--- Supplied records ---

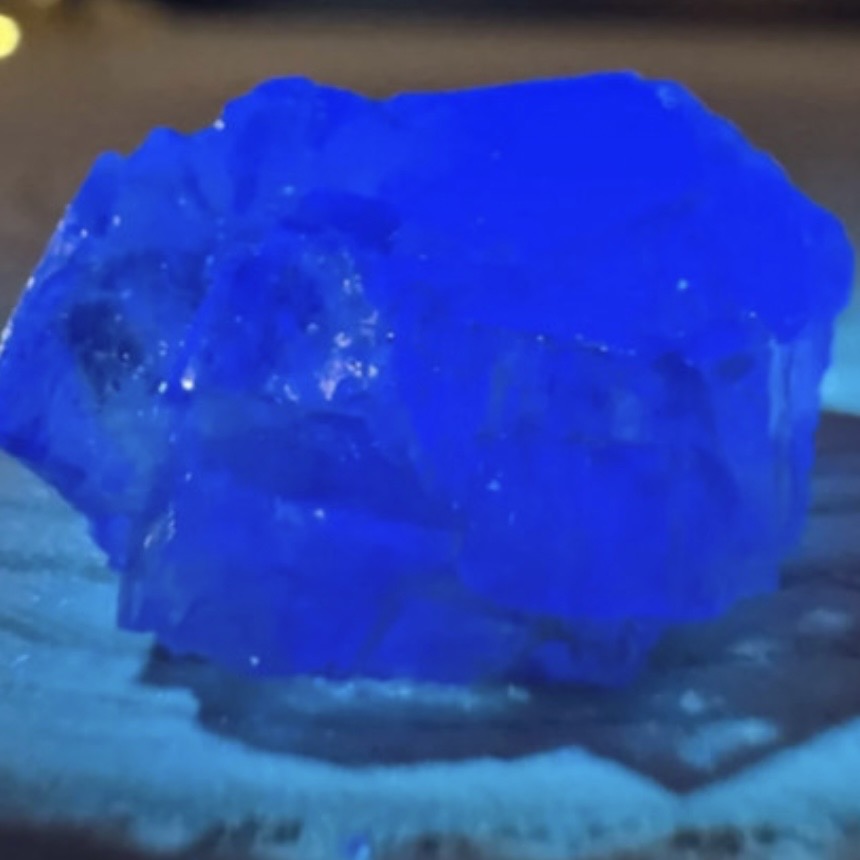 stalactitic UV cubic fluorite cluster specimen ~ choose your own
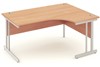 Price Point Beech Cantilever Crescent Desk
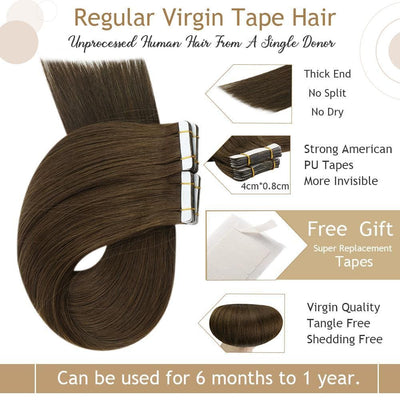 full thick hair extensions tape in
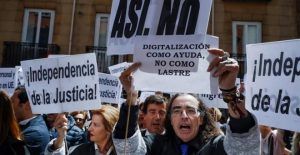 Manifestación de jueces y fiscales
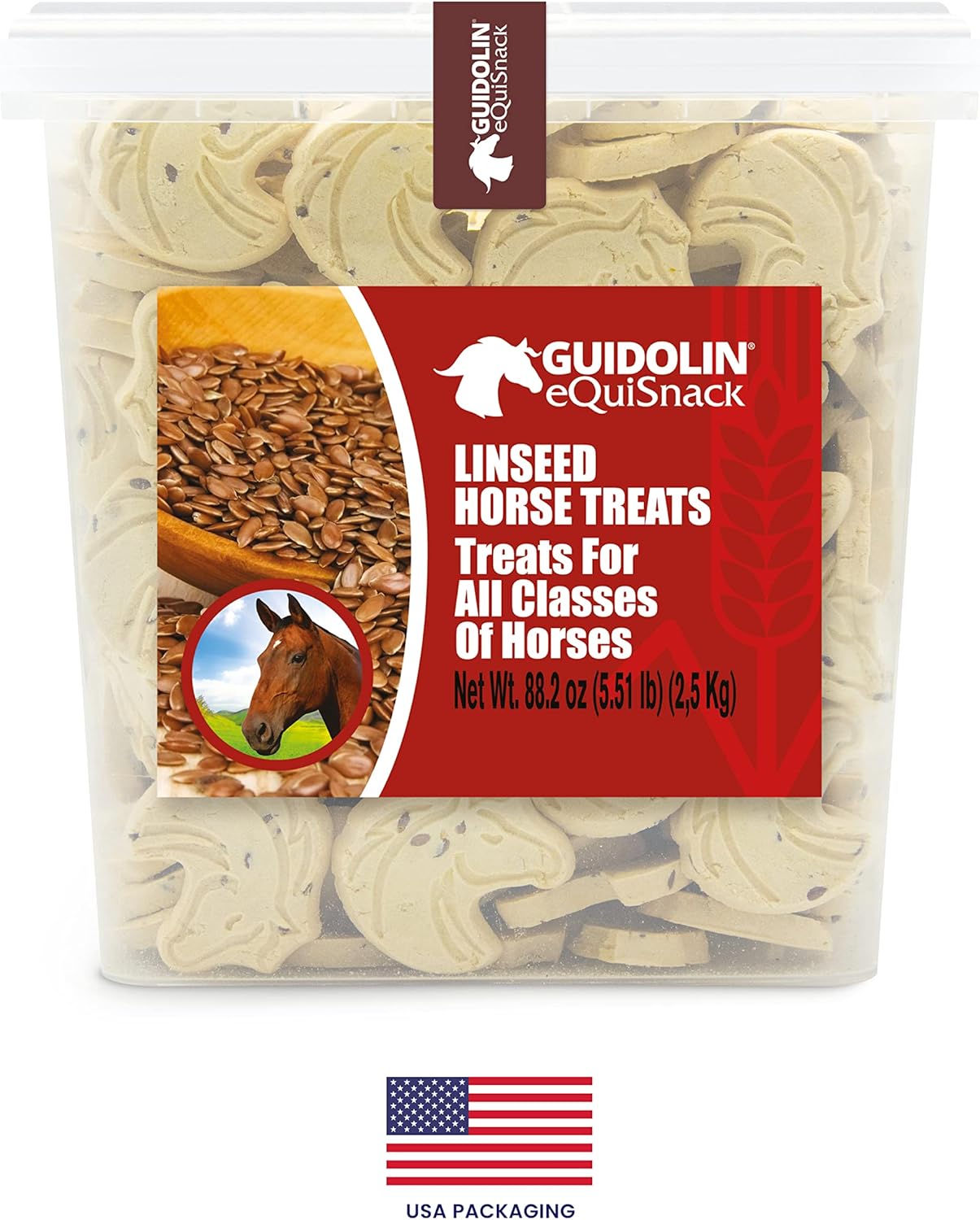 Linseed Treats for All Classes of Horses with Real Superfoods, No Sugar Added, Handmade in Italy - 5,51 LB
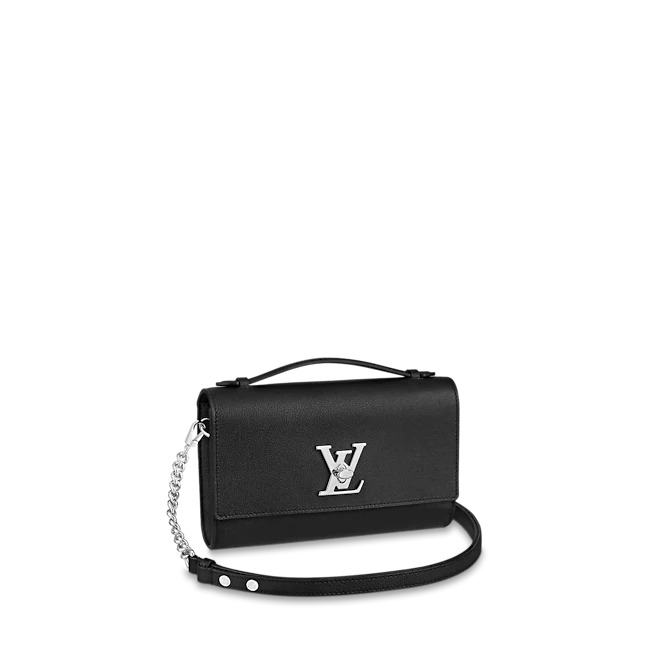 Louis Vuitton LOCKME CLUTCH Black High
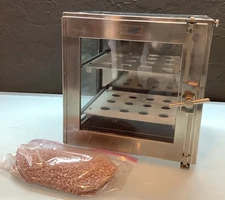 Boekel Scientific Glass Desiccator Cabinet with two shelves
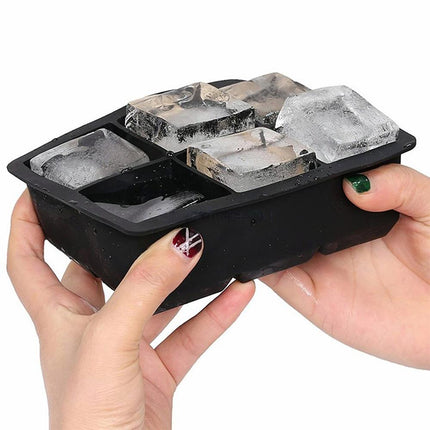 2Pcs Ice Cube Making Mold Silicone Large Tray Ball Maker Mold Whiskey Ice Mould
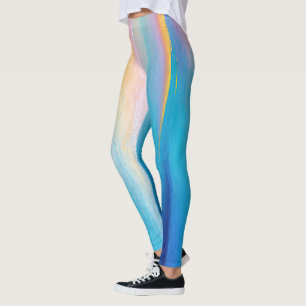 Leggings Paisaje panorámico "clachanray" rosa y azul amplio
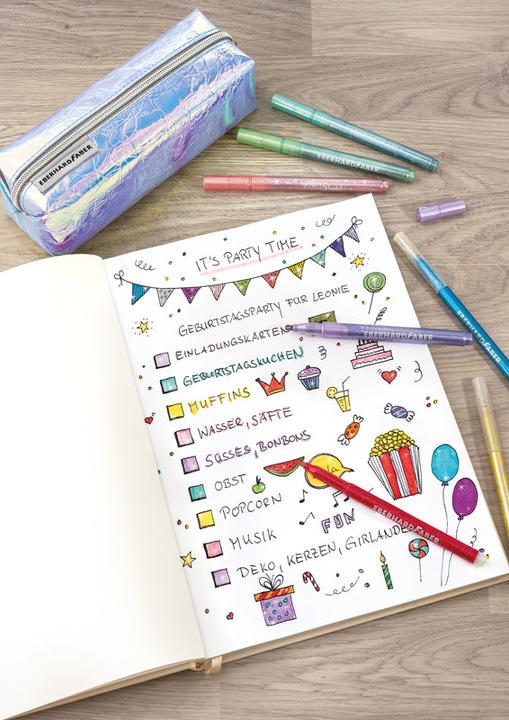 Image du produit EberhardFaber Crayon fibre Glitter (Multicolore, 16 x)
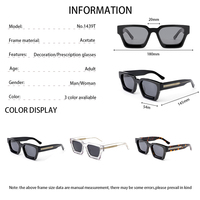 Lunettes de soleil en acétate polarisées européennes américaines à la mode nouveauté lunettes de soleil à monture épaisse carrées à la mode personnalisées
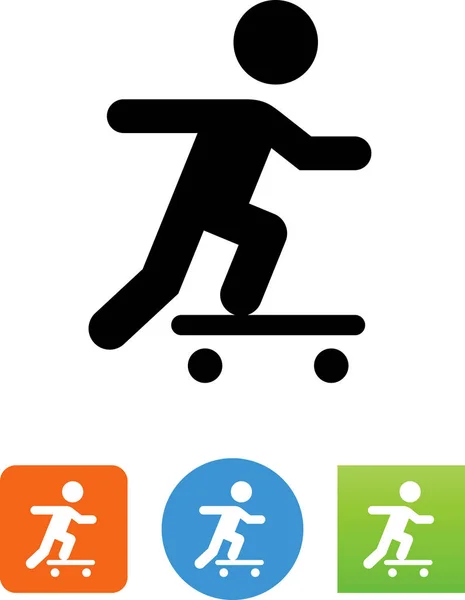 Patineta Icono Vector Patada — Vector de stock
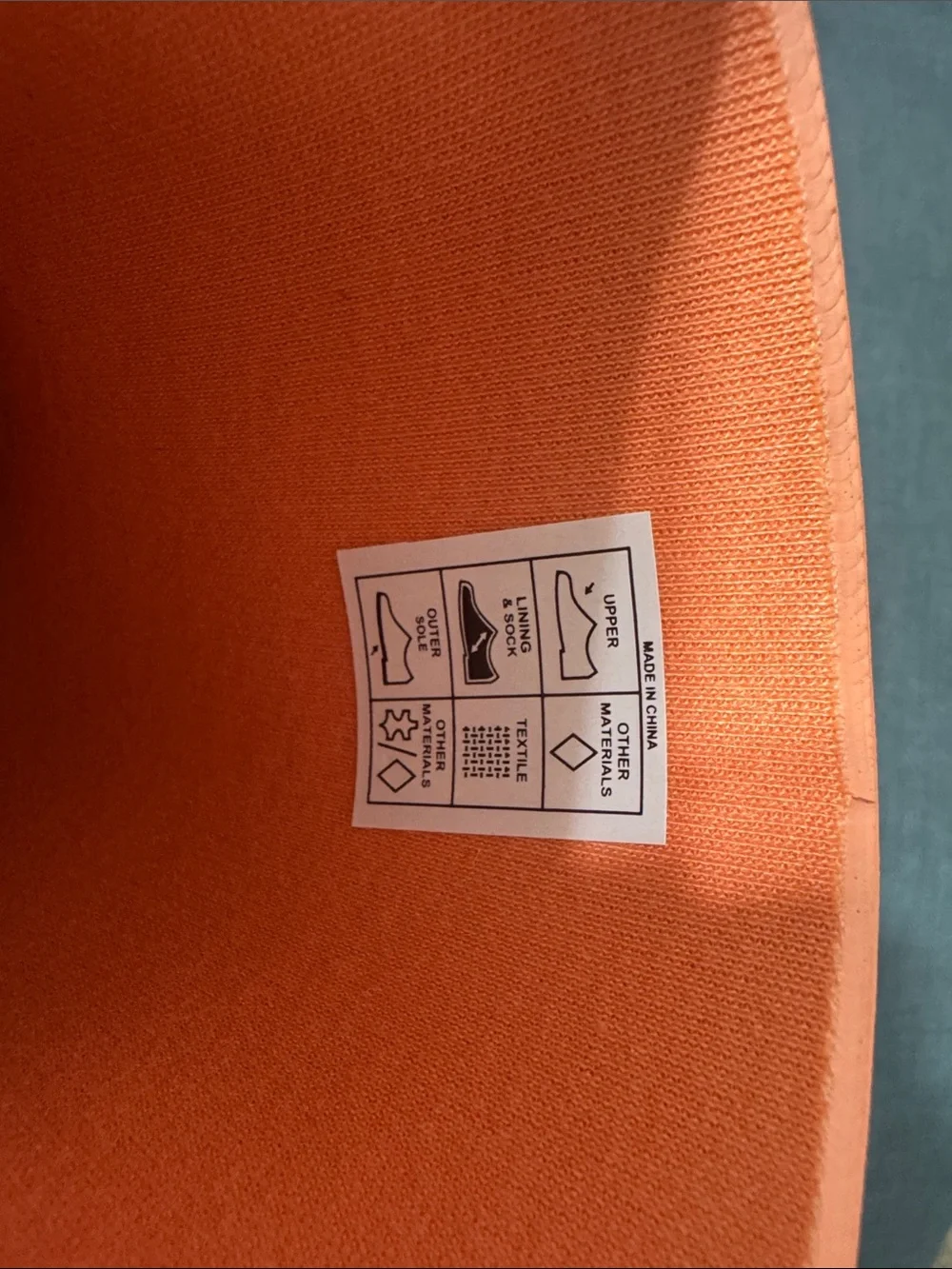 Hunter Classic Diagonal Stripe Giant Glitter Rain Boot Size 6 Optimistic Orange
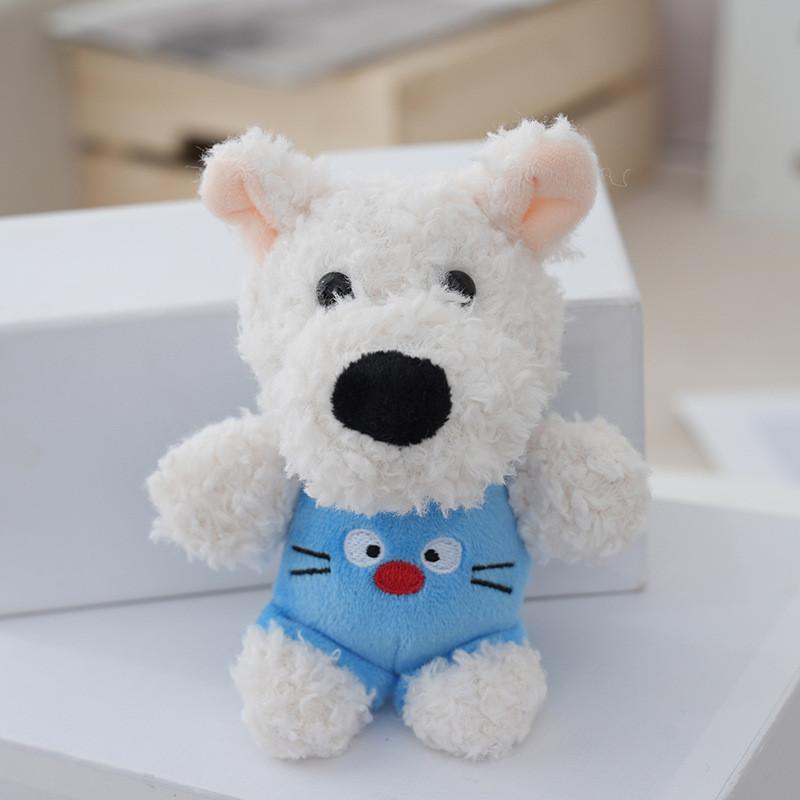 Cute Adorable Westie Dog Plush Keychain Stuffed Animal Bag Charm In Multiple Colors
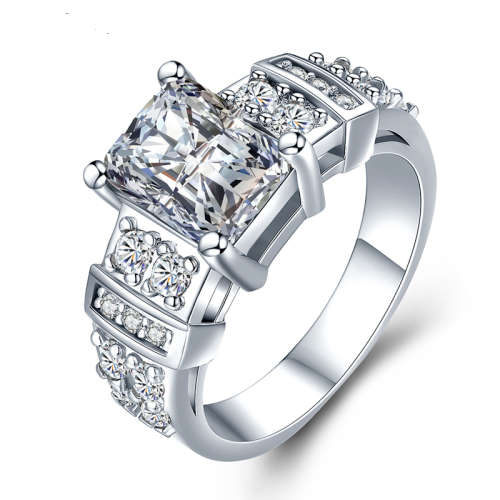 Classy Stylish Epitome Of Beauty Simulated Diamond Ring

---

# Work task:
Both the line containing "Price Point Beech Cantilever Crescent Desk" and the line containing "Image du produit" above belong in the output, as do the lines between them. Print them exactly, without pictures.

# Problem solution:
 Price Point Beech Cantilever Crescent Desk
 full thick hair extensions tape in
 Manifestación de jueces y fiscales
 Linseed Treats for All Classes of Horses with Real Superfoods, No Sugar Added, Handmade in Italy - 5,51 LB
 Louis Vuitton LOCKME CLUTCH Black High
 Boekel Scientific Glass Desiccator Cabinet with two shelves
 2Pcs Ice Cube Making Mold Silicone Large Tray Ball Maker Mold Whiskey Ice Mould
 Leggings Paisaje panorámico "clachanray" rosa y azul amplio
 Image du produit EberhardFaber Crayon fibre Glitter (Multicolore, 16 x)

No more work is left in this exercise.